“I Love You”


hot-fudge-brownie-with

Mmmm, brownies are so good…for a while.

What some people mean by “I love you” is that they are envious, jealous, and covet everything you’ve worked hard to become, and paid an earthly price for. It’s kind of like a brownie you want to eat. You don’t love the brownie, you want to consume and use the brownie for the sugar high, for free if possible. And then you hate the brownie when your sugar crashes.

Then the claim of inspiration comes when really it’s competition. “You inspire me so much! Thank you.” You know they feel uncomfortable or competitive around you if you never hear from them and they don’t want to hang out with you.

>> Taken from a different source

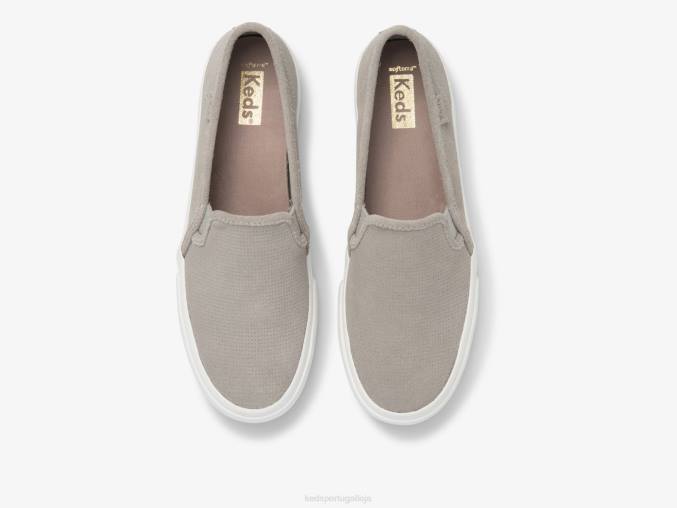 Keds tênis de camurça perf double decker R28H44 calçados cinza mulheres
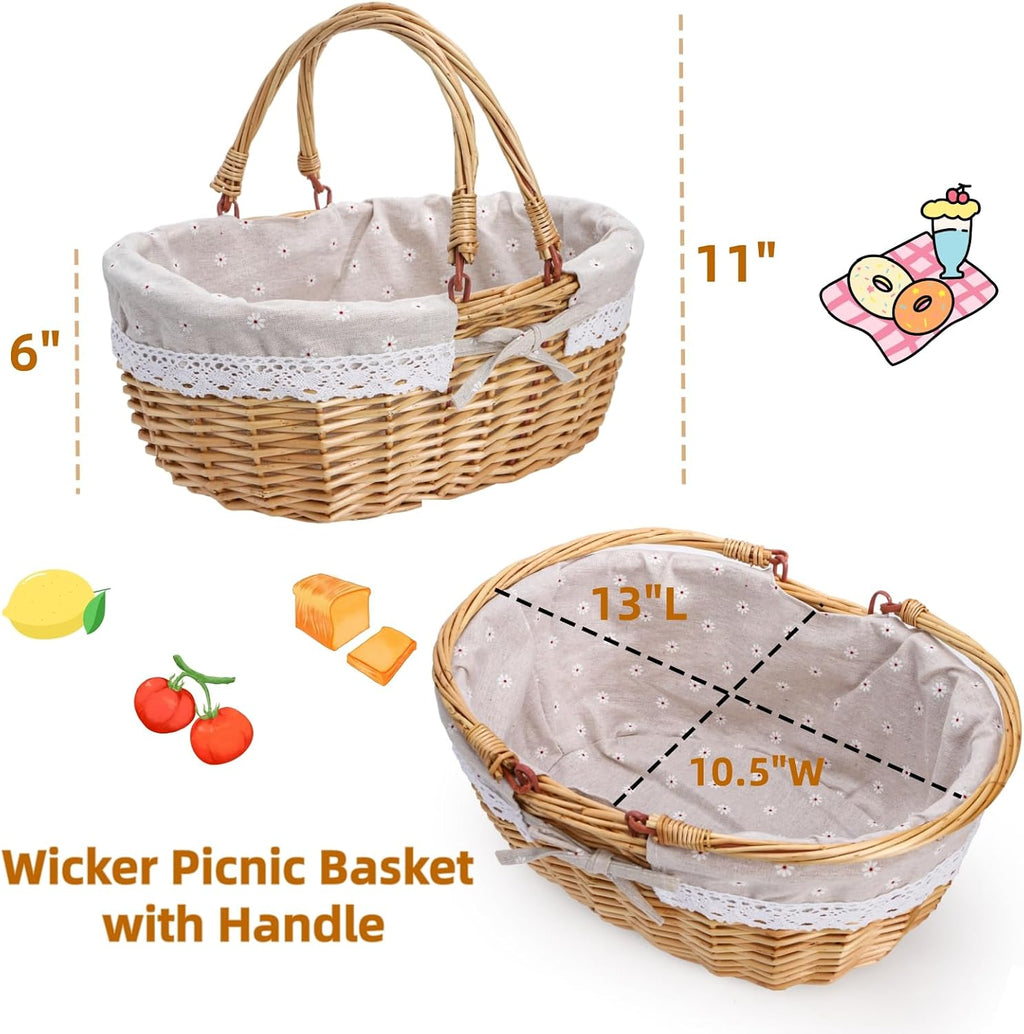 Dicunoy Wicker Picnic Basket with Handle, Large Empty Gift Basket to Fill, Open Top Market Harvest Baskets for Garden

And if you do hear from them with a smile on their face, they eventually start ripping away at your soul with their addiction self-hate to try to bring you down. Or the conversation turns to offload and they want you to listen to everything about them and refuse to balance the conversation by asking you how you are and listening to you, realizing that you are a human being with needs. As long as it’s back and forth, it’s not offloading. Friends need each other to listen to each other sometimes. I only have two friends like that and they are both men. No women will be reciprocal friends with me and reach out to me. I always have to reach out to them and I’m not doing it anymore.

There is no short cut through others to loving and knowing who you are. I’m not eating that brownie. Once a month I might, but not usually. Loving yourself starts with making the choice to eat nutritious foods and making choices that are good for you because you value your body and your life. That includes being around people who reciprocate because they are capable of caring.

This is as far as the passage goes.